De igual manera, se tergiversó el sentido de la función pública: para los ciudadanos es una caja de pandora caracterizada por el enriquecimiento inexplicable, aunque la teoría señala que es un conjunto de tareas desempeñadas por gente que trabaja en el gobierno acatando cierto marco legal. Informar a la ciudadanía respecto a la forma en que son aplicados sus impuestos es obligación de los funcionarios públicos. Empero, la realidad es distinta, con obesas burocracias donde únicamente se entienden quienes hablan el lenguaje de madriguera.
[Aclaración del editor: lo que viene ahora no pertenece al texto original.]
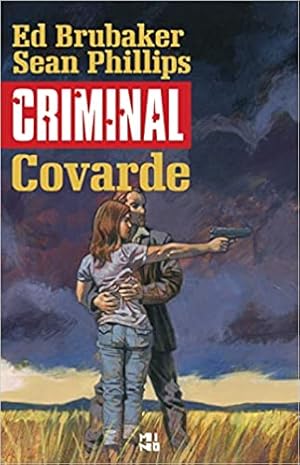 Seller image for Criminal Volume 1. Covarde for sale by Livro Brasileiro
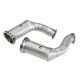 Downpipe Lamborghini Urus V8 18+ Heat Shield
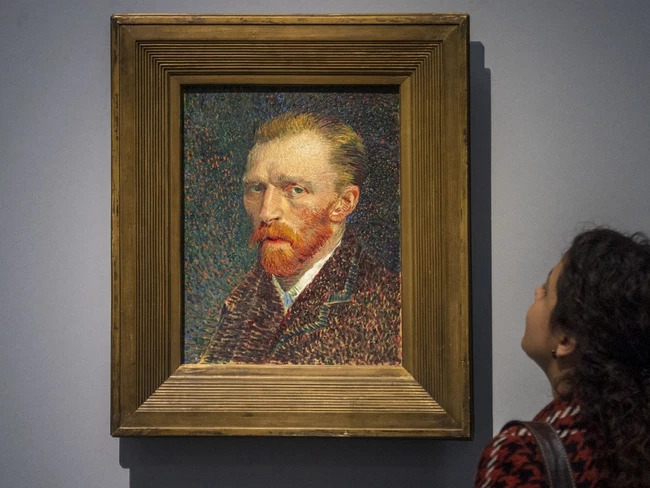 Vincent Van Gogh - Những điều có thể bạn chưa biết về cuộc đời của hoạ sĩ &quot;vô danh&quot; đắt giá nhất thế giới  - Ảnh 4.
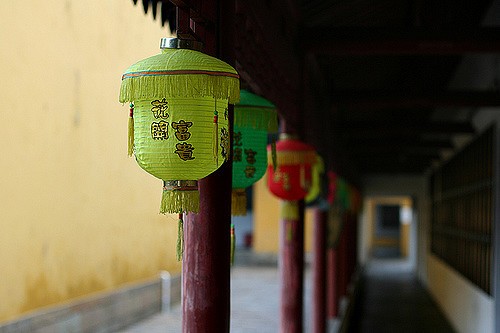 中国上海発片道30分の小旅行「蘇州」オススメ観光名所まとめ！世界遺産に出会える古都の魅力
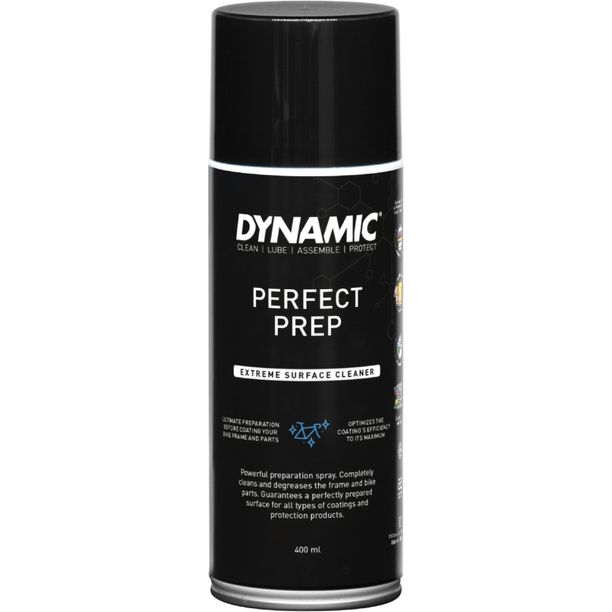 Curatator Suprafete Dynamic Perfect Prep 400ml Pulverizator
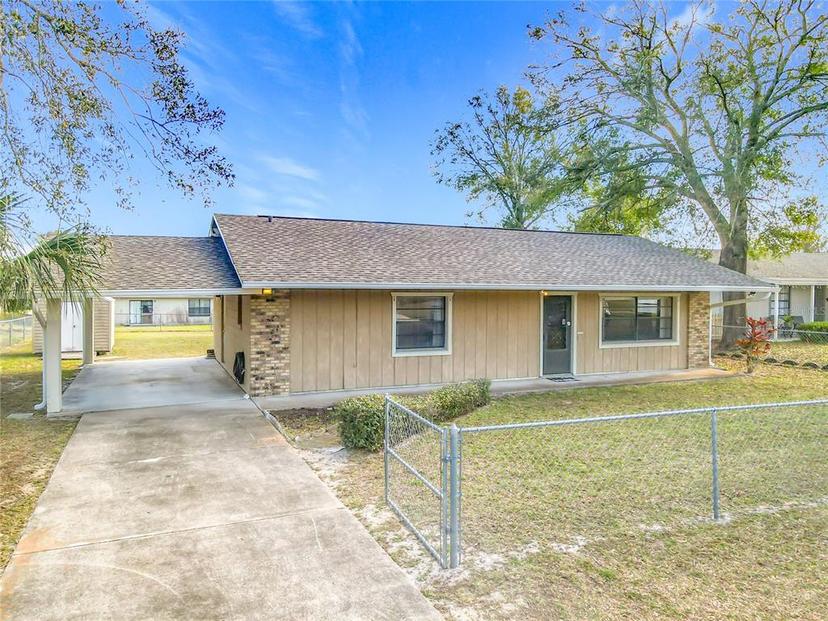Picture of 3009 Bond Street, Deltona FL 32738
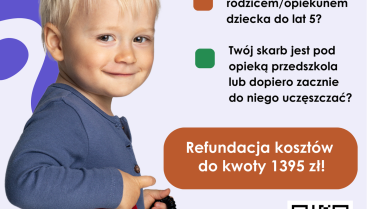 Zachodniopomorskie Małe Skarby II edycja
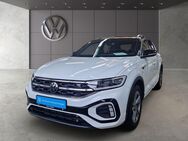 VW T-Roc, 2.0 TDI R-Line, Jahr 2024 - Landsberg (Lech)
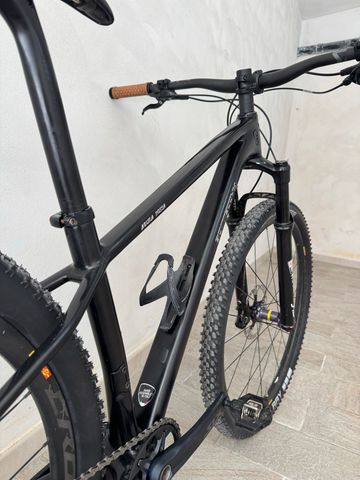 Used Bottecchia Custom SRAM GX Eagle 2023 Mountainbike, Black — image 6 of 6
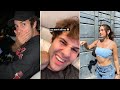 David Dobrik Admits to his Addiction | Natalie was Furious at Ilya - Vlog Squad Instagram Stories 96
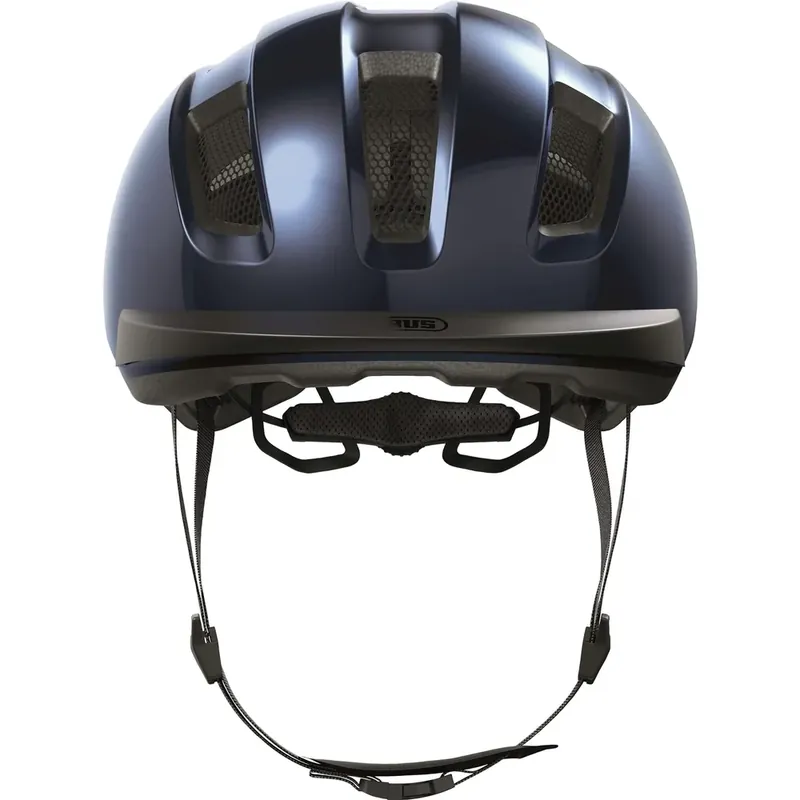 ABUS helm purl-y midnight blue l Bestel Nu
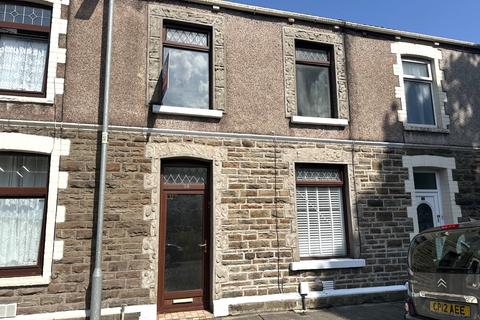 3 bedroom terraced house for sale, Ford Road, Port Talbot, Neath Port Talbot.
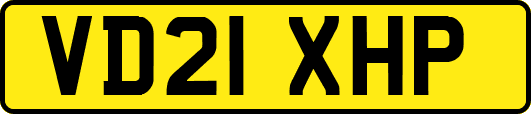 VD21XHP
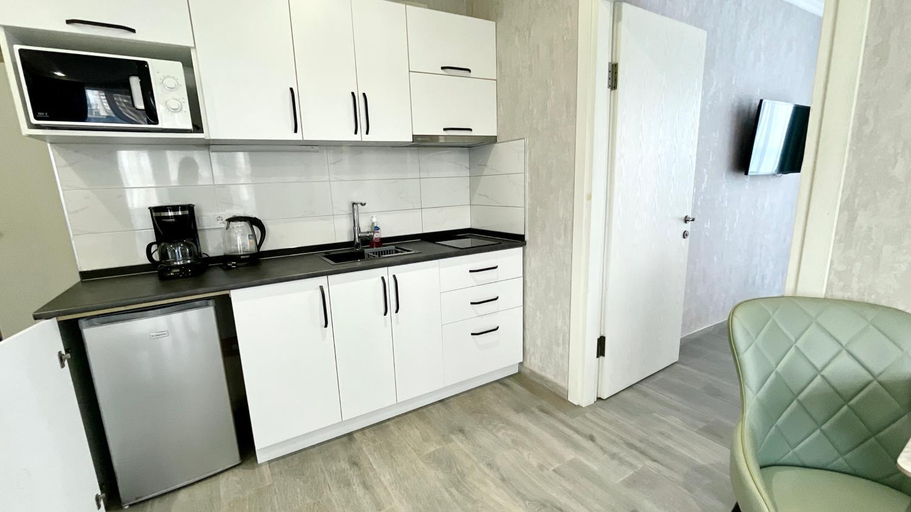 Others 3, Stunning Panoramic Sea View Marvella Orbi Beach Tower, Batumi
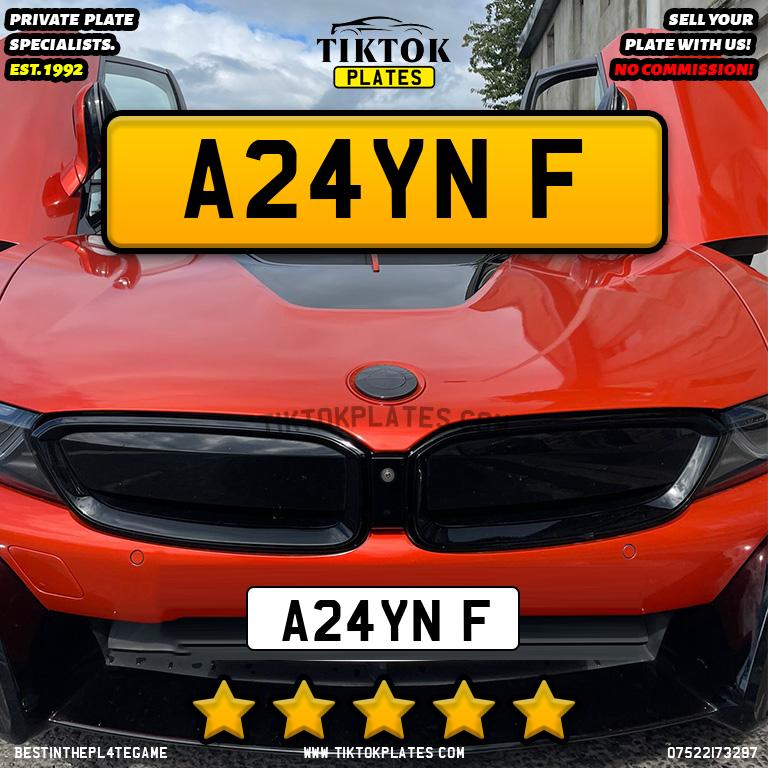 A24YN F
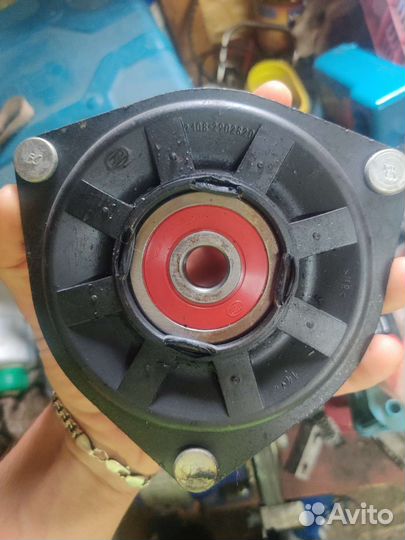 Опора передней стойки ваз 2108-2109 2113-2115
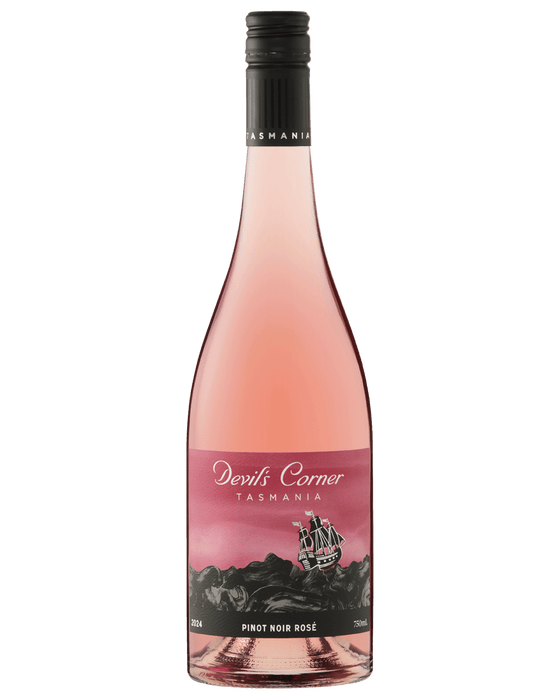 Order Devils Corner Pinot Noir Rose - Just Wines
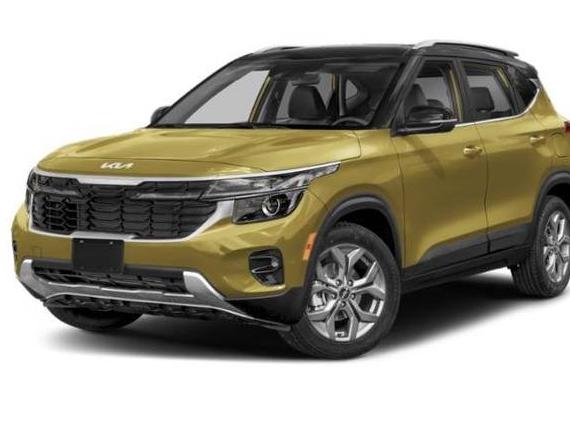 KIA SELTOS 2024 KNDEU2AAXR7647913 image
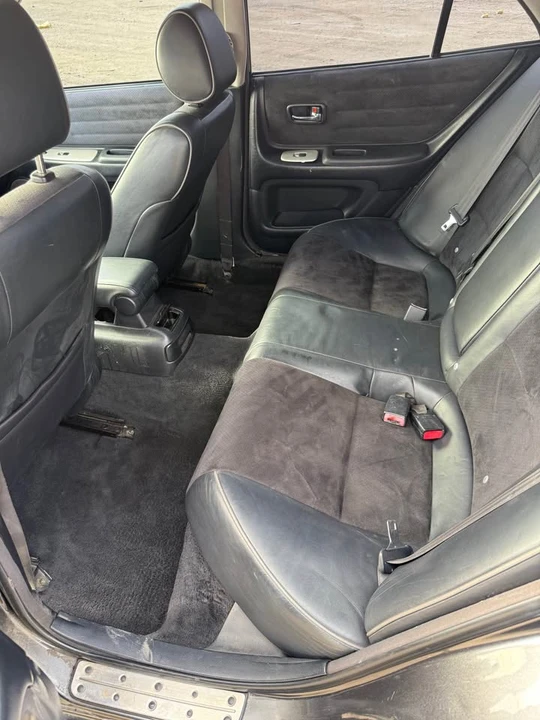 2004 Lexus IS 1st Gen - Image 9 of 9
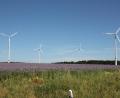Bild: frd
Gleiritscher Bürger beklagen, dass sie seit dem Betrieb des Windparks Pamsendorf körperliche Beeinträchtigungen und Schäden an Hab und Gut erlitten hätten.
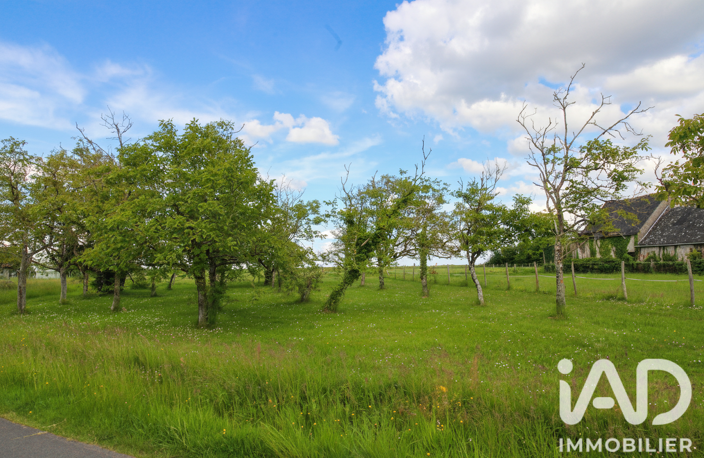 Vente Terrain à bâtir 980 m&sup2; — photo 2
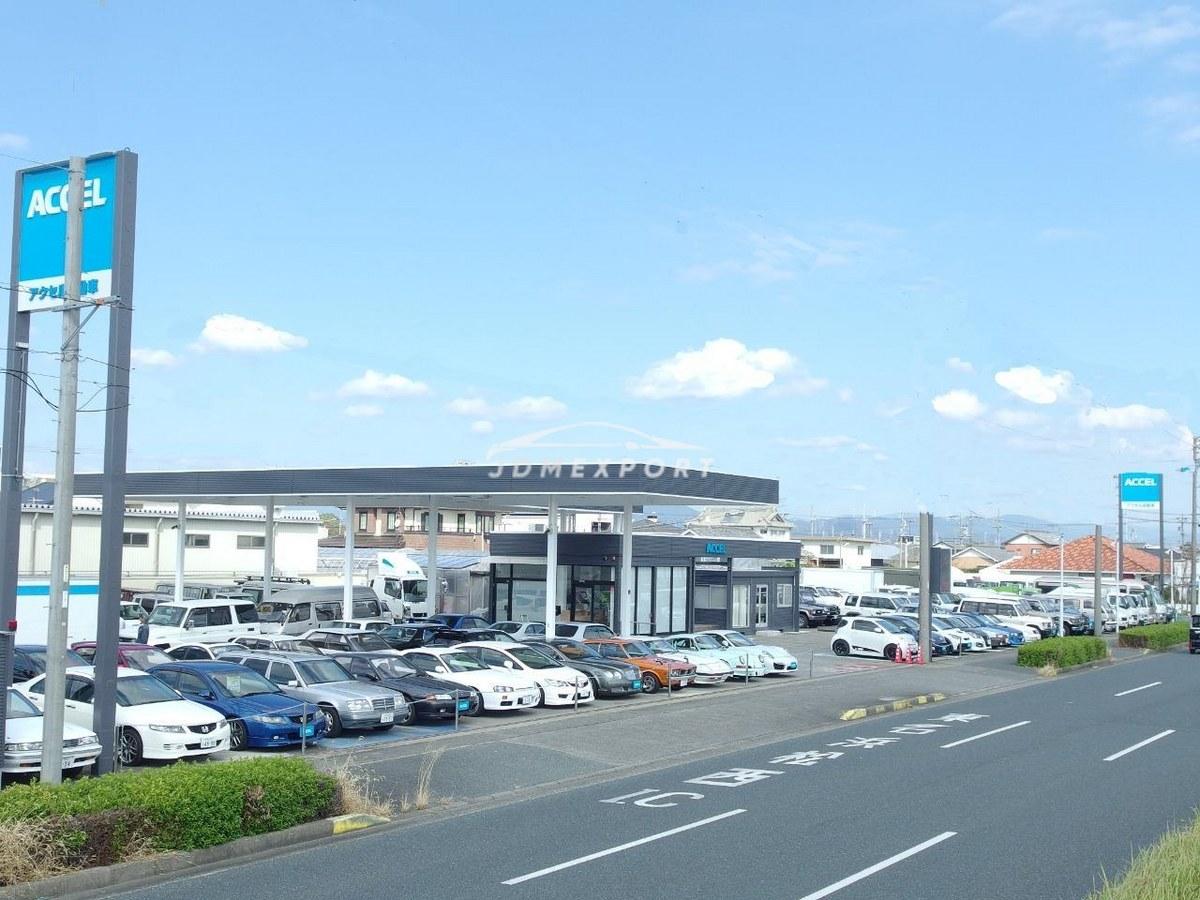Toyota Hilux 2001 thumbnail 2
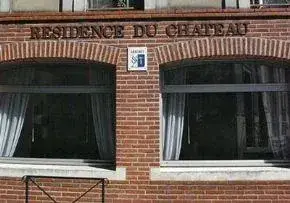 Photo principale de Residence Du Chateau - Résidence Services Seniors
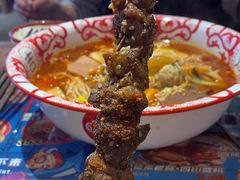-海椒市落舌·麻辣烫冒菜(中关村店)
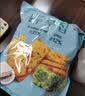 高蛋白豆腐脆 膨化食品 海苔味 448g 448g 实拍图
El escenario, pues, no es halagüeño, pero los mexicanos y los morelenses hemos dado pasos importantes hacia el mejoramiento de la función pública. Uno de gran trascendencia fue la creación del Instituto Morelense de Información Pública (IMIPE), cuyo presidente, Eleael Acevedo Velázquez, rindió ayer su último informe de labores ante representantes del Congreso local, ámbito legislativo en el cual, dentro de unos días, los diputados decidirán si reeligen a dicho personaje o lo sustituyen. En lo personal, yo estaría por la ratificación de Acevedo Velázquez, quien en reiteradas ocasiones ha patentizado su objetividad y neutralidad, aunque algunas mentes perversas afirmen lo contrario. Sólo una acción retrógrada podría darle al traste a los resultados positivos del IMIPE obtenidos durante el periodo de Eleael quien, por cierto, ha buscado sobremanera “blindar” a la institución frente a los ataques de quienes sistemáticamente se oponen a la cultura de la transparencia, la rendición de cuentas y el acceso de la sociedad a la información pública. En fin. La moneda está en el aire.